=== Data for this exercise ===

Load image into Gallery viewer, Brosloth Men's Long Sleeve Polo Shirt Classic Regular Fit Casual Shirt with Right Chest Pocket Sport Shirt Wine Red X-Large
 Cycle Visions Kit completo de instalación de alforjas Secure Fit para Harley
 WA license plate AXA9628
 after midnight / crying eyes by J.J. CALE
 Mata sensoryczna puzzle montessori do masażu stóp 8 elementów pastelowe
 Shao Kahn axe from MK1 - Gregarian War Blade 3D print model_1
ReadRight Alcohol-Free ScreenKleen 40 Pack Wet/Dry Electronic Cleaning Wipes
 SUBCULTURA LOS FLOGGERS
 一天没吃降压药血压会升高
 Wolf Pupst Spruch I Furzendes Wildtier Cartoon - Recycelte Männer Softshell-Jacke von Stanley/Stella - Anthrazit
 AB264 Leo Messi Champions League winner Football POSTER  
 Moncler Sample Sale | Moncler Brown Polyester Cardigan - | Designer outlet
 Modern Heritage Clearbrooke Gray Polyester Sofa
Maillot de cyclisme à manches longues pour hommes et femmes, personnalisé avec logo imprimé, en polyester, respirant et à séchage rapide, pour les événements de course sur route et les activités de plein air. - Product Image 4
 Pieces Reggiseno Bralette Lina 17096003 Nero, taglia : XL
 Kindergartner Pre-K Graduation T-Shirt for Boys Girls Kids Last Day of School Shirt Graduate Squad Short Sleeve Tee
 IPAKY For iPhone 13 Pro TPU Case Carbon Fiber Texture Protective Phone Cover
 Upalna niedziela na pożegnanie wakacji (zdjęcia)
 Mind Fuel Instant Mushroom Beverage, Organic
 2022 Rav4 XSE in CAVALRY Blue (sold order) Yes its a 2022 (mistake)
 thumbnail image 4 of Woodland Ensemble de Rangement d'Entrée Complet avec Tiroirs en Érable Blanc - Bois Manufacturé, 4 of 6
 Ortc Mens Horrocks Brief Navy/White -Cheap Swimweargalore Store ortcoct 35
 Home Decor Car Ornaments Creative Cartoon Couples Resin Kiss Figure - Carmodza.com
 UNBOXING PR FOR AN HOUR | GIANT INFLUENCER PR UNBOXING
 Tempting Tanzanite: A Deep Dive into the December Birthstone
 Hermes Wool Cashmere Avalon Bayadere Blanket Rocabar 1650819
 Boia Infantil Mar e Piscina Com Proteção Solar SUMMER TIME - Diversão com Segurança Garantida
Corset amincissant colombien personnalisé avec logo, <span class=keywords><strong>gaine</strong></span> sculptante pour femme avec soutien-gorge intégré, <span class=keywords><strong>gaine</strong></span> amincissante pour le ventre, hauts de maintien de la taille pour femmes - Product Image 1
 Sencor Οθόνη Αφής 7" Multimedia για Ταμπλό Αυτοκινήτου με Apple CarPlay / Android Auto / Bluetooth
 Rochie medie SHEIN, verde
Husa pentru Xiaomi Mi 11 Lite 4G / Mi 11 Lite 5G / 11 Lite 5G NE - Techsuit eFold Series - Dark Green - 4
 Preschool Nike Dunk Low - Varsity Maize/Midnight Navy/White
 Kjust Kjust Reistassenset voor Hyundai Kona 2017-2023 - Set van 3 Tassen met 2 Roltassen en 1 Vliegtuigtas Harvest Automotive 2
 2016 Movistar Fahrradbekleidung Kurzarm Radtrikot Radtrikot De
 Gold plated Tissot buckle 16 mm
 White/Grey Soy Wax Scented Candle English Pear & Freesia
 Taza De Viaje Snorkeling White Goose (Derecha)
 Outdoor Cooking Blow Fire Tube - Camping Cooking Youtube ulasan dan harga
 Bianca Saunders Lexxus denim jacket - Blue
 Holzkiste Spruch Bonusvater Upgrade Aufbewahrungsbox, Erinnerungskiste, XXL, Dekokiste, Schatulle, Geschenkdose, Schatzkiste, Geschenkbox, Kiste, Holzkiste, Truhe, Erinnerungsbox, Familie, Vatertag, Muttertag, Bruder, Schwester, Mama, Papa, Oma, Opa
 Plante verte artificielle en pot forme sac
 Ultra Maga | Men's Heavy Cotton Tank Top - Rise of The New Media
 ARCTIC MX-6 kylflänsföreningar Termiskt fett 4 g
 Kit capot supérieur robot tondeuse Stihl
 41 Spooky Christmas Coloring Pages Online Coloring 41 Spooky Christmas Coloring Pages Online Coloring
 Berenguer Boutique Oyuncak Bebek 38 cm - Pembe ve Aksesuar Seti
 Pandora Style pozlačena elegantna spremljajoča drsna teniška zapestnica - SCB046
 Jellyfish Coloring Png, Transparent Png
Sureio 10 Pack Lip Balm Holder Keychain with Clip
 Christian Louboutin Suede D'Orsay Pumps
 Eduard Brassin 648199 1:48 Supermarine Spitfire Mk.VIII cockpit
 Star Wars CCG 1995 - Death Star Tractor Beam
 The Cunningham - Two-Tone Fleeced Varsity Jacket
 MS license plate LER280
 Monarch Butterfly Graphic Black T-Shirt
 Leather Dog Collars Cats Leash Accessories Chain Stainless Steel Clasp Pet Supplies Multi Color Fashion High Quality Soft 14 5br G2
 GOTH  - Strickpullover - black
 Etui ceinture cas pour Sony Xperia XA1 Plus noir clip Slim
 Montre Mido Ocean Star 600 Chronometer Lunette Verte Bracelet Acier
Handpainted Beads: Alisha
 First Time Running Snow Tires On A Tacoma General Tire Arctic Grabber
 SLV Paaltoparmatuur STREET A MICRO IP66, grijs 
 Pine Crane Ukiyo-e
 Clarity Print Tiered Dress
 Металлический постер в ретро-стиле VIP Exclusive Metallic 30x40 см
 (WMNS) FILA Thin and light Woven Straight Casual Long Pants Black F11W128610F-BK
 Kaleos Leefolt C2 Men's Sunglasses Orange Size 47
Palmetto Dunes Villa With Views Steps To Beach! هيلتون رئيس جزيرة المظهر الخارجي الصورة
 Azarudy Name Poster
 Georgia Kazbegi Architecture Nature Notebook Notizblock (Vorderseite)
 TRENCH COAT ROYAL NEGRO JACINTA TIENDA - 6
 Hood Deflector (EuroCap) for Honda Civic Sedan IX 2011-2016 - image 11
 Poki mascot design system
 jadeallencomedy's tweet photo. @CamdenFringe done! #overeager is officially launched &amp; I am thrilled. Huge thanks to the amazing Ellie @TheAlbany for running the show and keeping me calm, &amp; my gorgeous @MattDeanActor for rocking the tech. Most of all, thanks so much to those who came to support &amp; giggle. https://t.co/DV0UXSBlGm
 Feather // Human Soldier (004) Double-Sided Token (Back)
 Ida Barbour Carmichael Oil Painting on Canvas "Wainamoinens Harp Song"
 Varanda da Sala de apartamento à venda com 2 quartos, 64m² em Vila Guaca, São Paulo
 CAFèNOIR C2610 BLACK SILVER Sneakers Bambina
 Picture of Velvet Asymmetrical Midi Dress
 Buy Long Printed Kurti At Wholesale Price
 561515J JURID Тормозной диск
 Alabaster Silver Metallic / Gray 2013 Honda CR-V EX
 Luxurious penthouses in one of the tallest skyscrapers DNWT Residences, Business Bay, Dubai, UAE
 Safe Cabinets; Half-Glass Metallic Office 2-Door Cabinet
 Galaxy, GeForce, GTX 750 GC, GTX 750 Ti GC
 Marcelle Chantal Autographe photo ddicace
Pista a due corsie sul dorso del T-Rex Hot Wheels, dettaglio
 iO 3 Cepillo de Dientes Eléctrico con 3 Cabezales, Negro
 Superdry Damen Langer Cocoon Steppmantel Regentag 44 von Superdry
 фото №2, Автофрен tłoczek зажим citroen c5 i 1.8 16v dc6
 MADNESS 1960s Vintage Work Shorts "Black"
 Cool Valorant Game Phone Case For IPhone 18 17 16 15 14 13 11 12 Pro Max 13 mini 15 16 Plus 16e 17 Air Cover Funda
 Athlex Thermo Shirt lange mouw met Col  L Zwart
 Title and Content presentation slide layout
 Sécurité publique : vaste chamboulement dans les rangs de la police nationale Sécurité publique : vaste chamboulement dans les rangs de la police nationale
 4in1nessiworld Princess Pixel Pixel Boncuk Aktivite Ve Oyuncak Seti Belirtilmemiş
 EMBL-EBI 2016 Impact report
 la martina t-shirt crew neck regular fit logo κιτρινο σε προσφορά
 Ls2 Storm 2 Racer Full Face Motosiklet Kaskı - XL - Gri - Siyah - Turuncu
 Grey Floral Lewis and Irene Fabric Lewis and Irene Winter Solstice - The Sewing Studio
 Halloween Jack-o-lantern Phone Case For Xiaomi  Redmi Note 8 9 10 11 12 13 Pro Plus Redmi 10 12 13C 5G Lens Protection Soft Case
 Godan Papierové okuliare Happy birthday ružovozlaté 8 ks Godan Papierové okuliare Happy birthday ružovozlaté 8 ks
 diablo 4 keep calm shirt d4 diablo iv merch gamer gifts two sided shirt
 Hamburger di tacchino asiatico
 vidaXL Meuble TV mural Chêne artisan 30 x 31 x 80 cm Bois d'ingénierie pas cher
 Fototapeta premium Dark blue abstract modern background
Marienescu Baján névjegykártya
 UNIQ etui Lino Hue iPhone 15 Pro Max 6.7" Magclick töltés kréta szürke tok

===

● What needs to be done: Lines with the word "Honda": how many appear in the data? State only the number.

● Result for this task: 2